▶ [Task objective] If a picture appears in the records below, drop it, and reproduce everything else exactly.
[Records to use Boundary: Start]
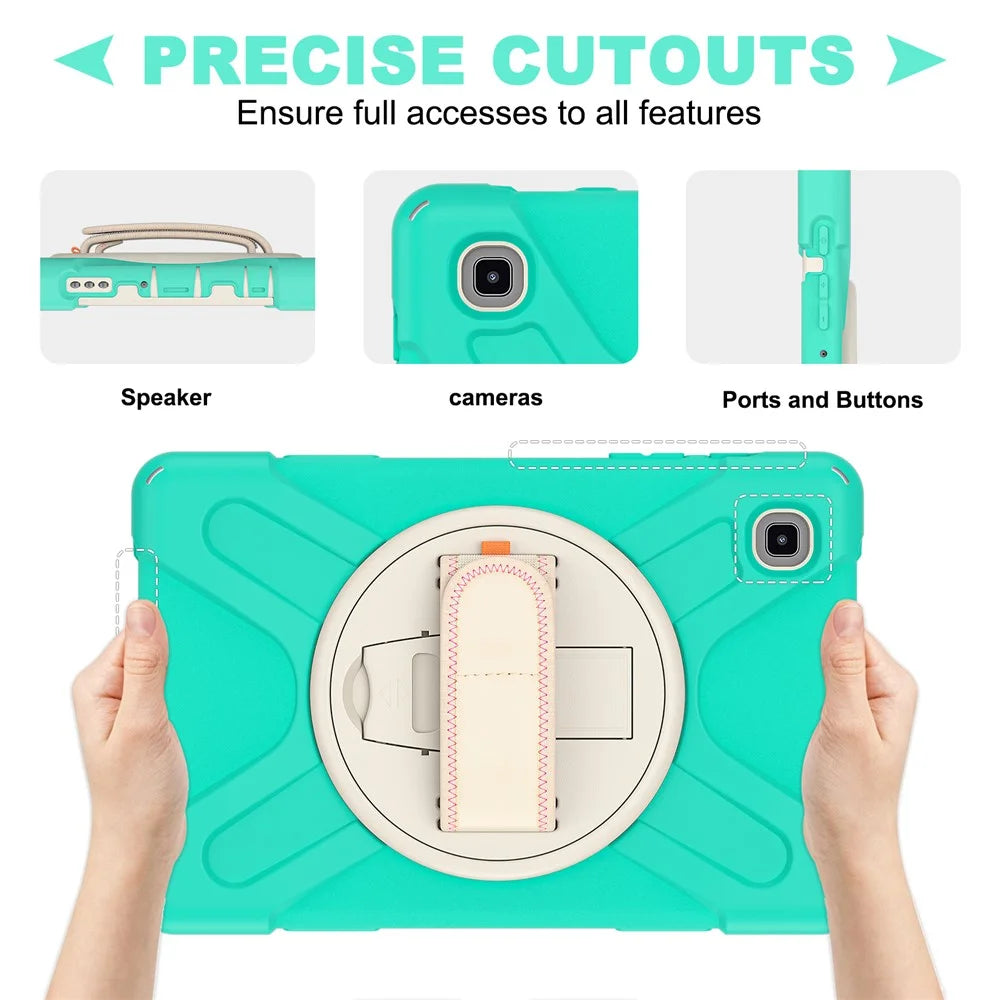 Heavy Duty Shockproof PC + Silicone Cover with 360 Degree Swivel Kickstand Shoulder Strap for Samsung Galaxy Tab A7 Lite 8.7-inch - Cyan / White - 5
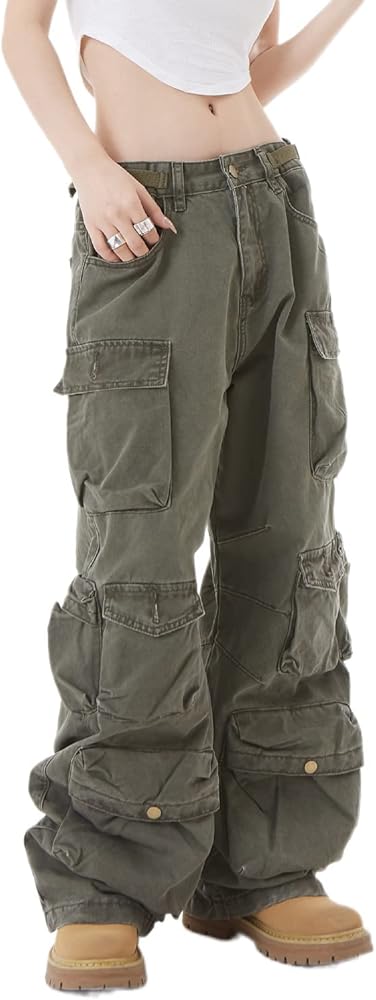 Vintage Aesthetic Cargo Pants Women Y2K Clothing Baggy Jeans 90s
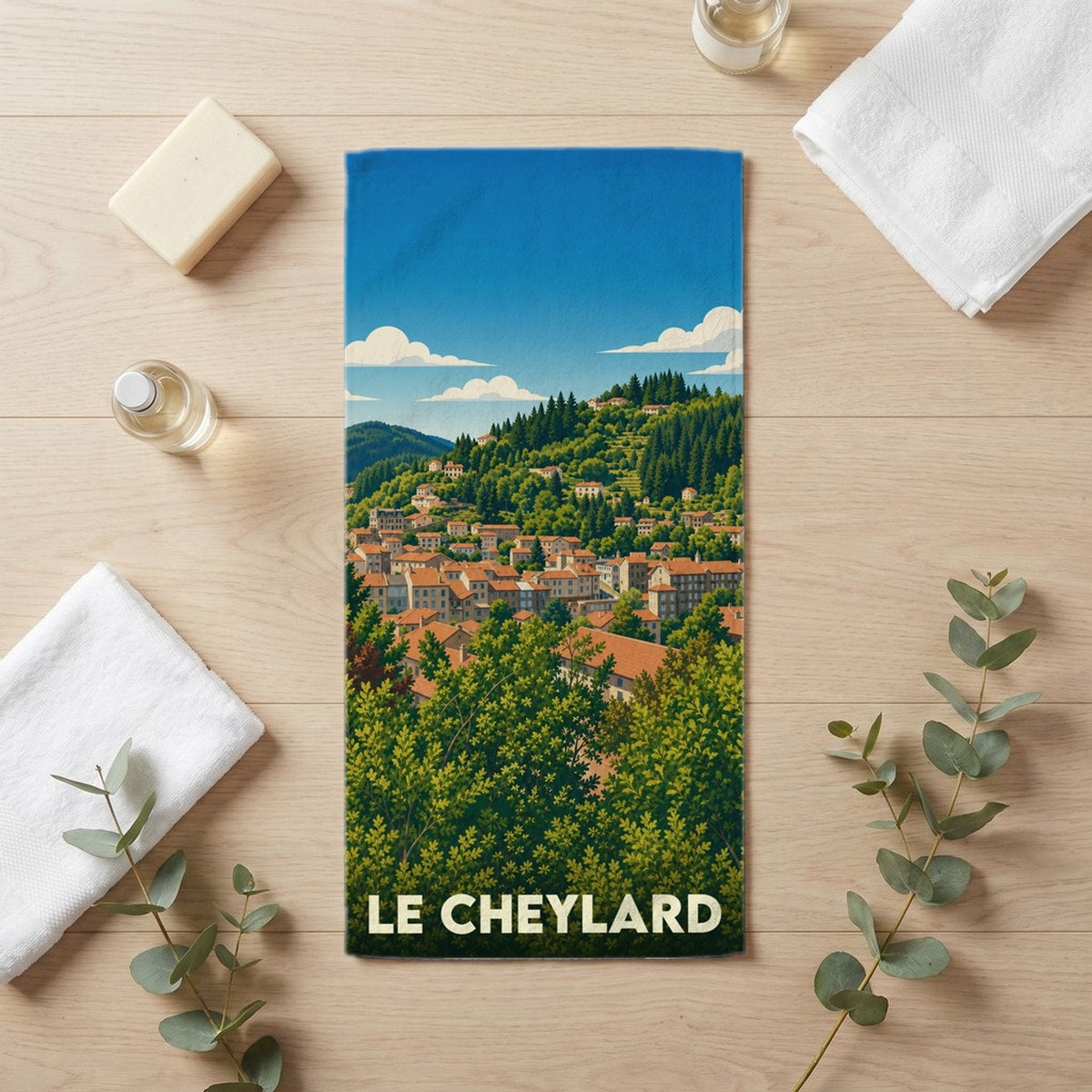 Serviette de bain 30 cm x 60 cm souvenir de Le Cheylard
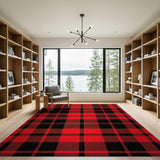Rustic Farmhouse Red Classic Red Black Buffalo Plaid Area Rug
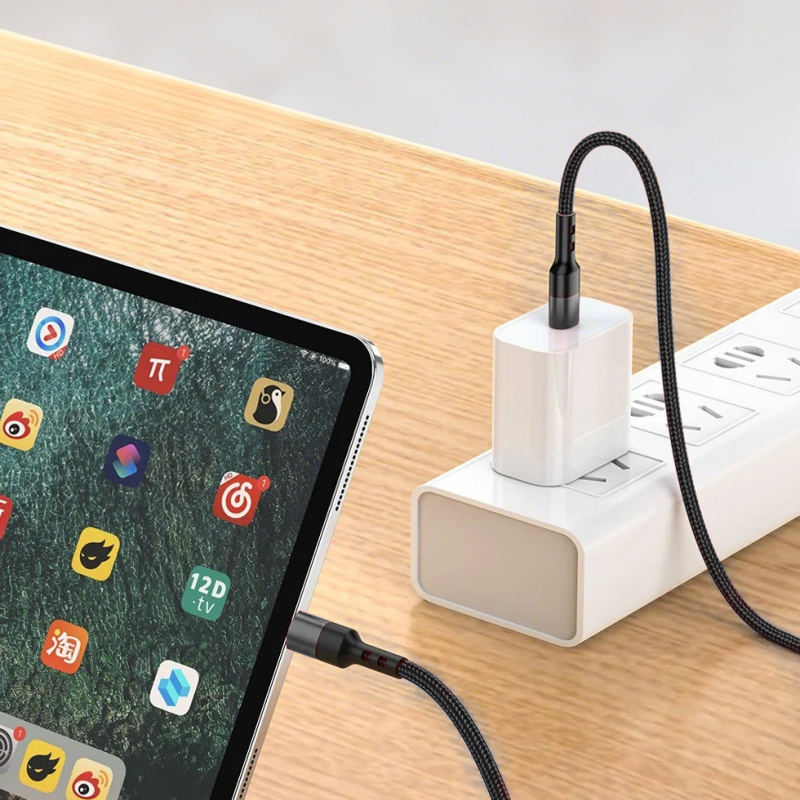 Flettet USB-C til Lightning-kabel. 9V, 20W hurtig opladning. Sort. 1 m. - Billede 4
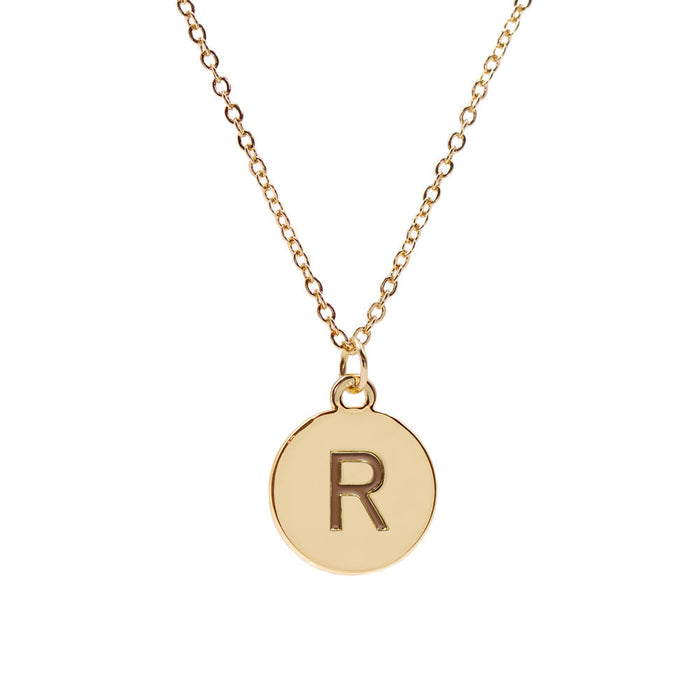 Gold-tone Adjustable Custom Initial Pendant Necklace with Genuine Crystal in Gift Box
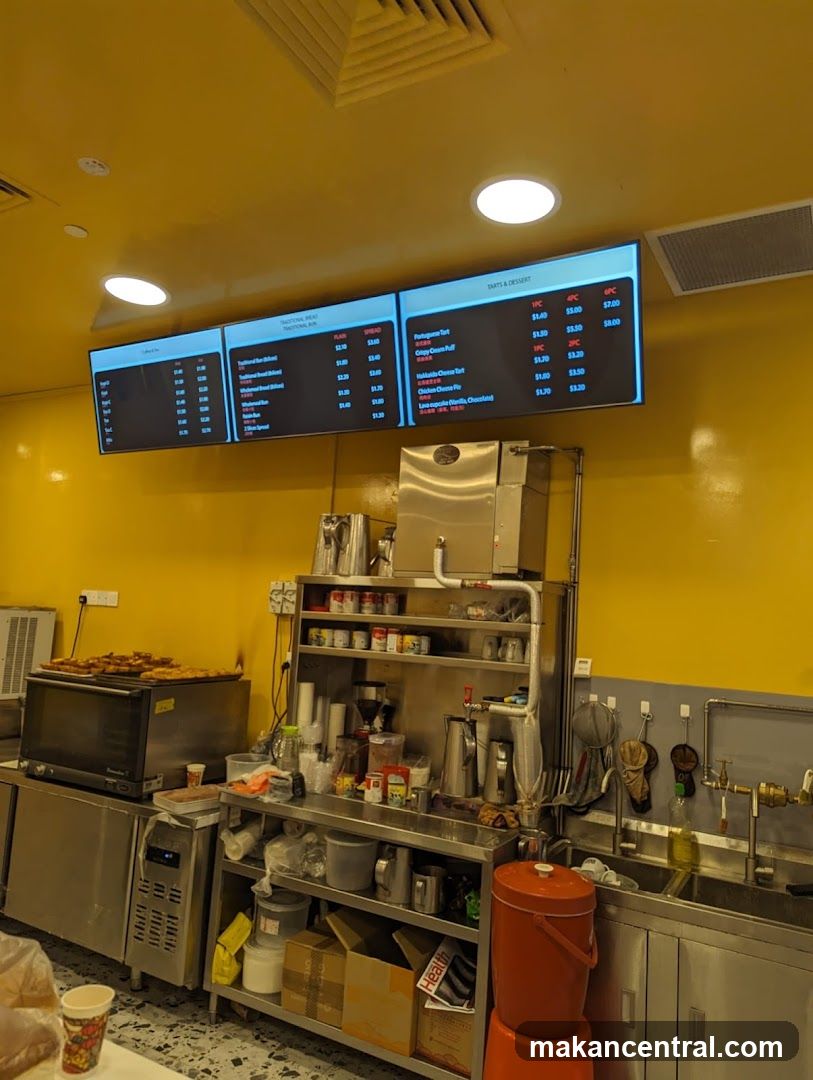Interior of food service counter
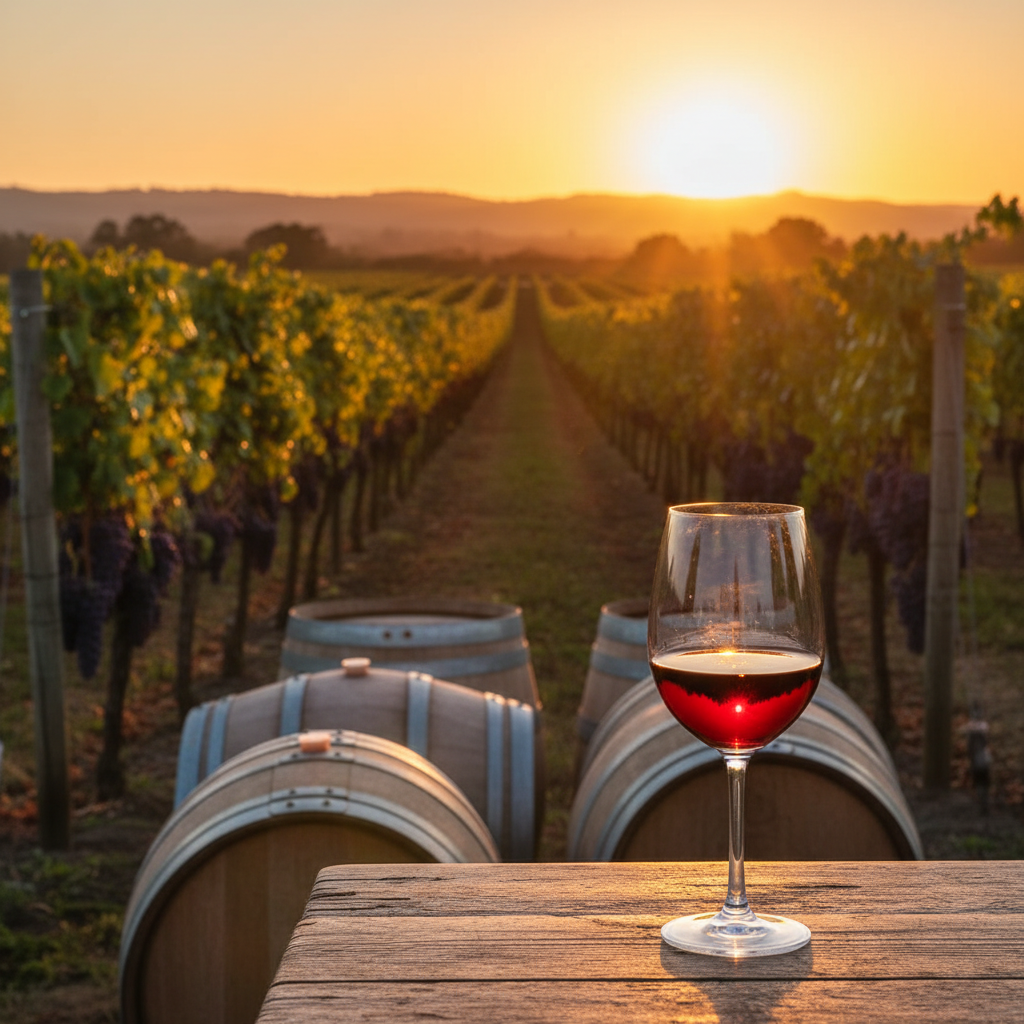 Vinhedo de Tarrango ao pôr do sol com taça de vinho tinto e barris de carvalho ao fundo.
[Records to use Boundary: End]
▶ [Answer for this exercise]
 Heavy Duty Shockproof PC + Silicone Cover with 360 Degree Swivel Kickstand Shoulder Strap for Samsung Galaxy Tab A7 Lite 8.7-inch - Cyan / White - 5
 Vintage Aesthetic Cargo Pants Women Y2K Clothing Baggy Jeans 90s
 Serviette de bain 30 cm x 60 cm souvenir de Le Cheylard
Rustic Farmhouse Red Classic Red Black Buffalo Plaid Area Rug
 Flettet USB-C til Lightning-kabel. 9V, 20W hurtig opladning. Sort. 1 m. - Billede 4
 Gold-tone Adjustable Custom Initial Pendant Necklace with Genuine Crystal in Gift Box
Interior of food service counter
 Vinhedo de Tarrango ao pôr do sol com taça de vinho tinto e barris de carvalho ao fundo.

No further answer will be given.